Nevertheless, this is currently what is happening, as the scandals from these past weeks show us, despite Mark’s reassuring statements during his last keynote on April 11:
11/04/2019 - Amazon admits employees listen to Alexa conversations / Why does it matter
13/08/2019 - Facebook admits contractors listened to users’ recordings without their knowledge
15/08/2019 - Microsoft admits humans can listen to Skype, Cortana audio

This is the first of two concerns in Decentralized Machine Learning, that I will call “input privacy” (or input secrecy). The second one being the “differential privacy” of the model, that we will dicuss in more details later on.

Note that here, “input” has to be taken in the broader sense of “whatever enters into the ML system", and does not necessarily mean the raw data (your raw voice message, in the above example). For instance, if the raw data is a simple integer $x$, the input to the ML system could be a function $h(x)$ which computes $x \ \text{mod} \ 2$. Here, the evil server observing the input just sees a “0” or “1”, but it can still know the parity of $x$, and that is already a leakage, that combined with additional information might lead to a real compromision of a user’s privacy.

Protecting not only the raw input itself, but also everything that have been infered from it, is of paramount importance. For instance, as we will see later in the article, in Distributed Stochastic Gradient Descent, the input to the DML system would be a gradient vector. But as we will see afterwards, even a simple gradient could leak a lot of information on the data it has been computed upon. In some very simple case, you can imagine the gradient as just a scaled version of the raw data.

What I will call input privacy is when you want to protect the secrecy or at least the privacy of the input itself, being a raw training data sample or any information you can infer about it from this input.
Differential privacy, on the other hand, looks at the ML system as a whole, and cares about protecting the privacy of the training set, used to train the model. In other words, we want to address the question: “Just by looking at my model as a white-box, or even as a black-box, how much can an adversary learn about individual data samples it has been trained on?”
… and Guess what? A lot of things!

White box means here that the adversary can inspect internal parameters of the model. In a black box scenario, the ML system is reduced to a simple query mechanism: you input a sample, it outputs a prediction.

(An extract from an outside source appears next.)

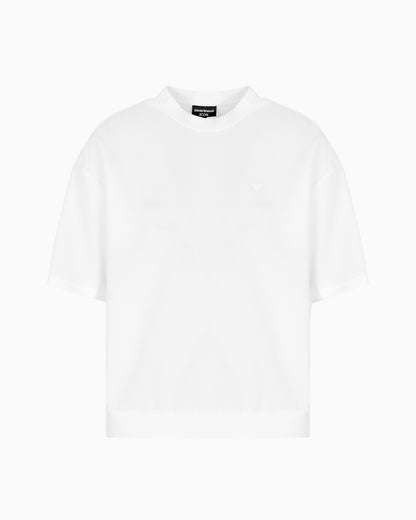 Emporio Armani Icon 3D piqué-effect crêpe jersey T-shirt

This leads us to talk about the three most common misconceptions people tend to have about Machine Learning:

That ML is some kind of magic box in which we put all our data into, and it will solve all the world’s biggest problems.
That ML models makes completely reasonable, fair, and undiscutable decisions.
That it is absolutely safe to use ML in any situation, on any data.

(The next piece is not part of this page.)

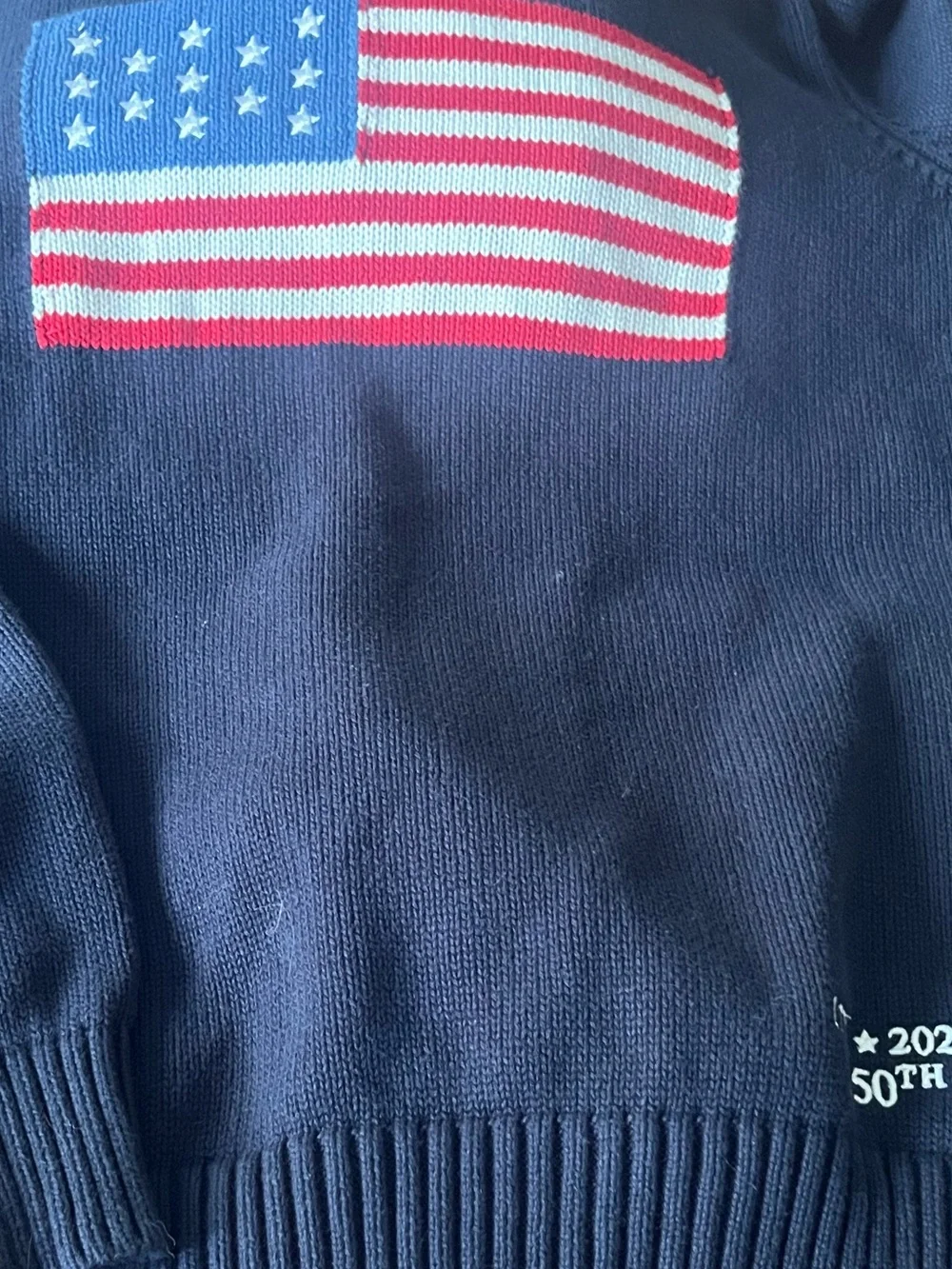 American Flag Knit 250 Years Crewneck Sweater Adult Small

On this last point, I’m not so much talking about the reliability or “robustness” of a model (broken by things like evasion attacks or dataset poisoning), but more of the privacy guarantees of a trained model itself.

The first two of these misconceptions are being addressed by the Machine Learning community by respectively talking about the intricacies of fine-tuning to the general public, and pushing forward research in areas like “model interpretability” which try to circumvent the bias models may have when trained on biased datasets. Finally this “robustness” problem has been addressed by things like adversarial training, explained and theorisized as soon as in 2014, but relates more to the Security concerns of Machine Learning (and might even harm its privacy aspects).

However, the machine learning community seems to remain desperately blind to the last point, which considers the privacy risks of using machine learning on sensitive data.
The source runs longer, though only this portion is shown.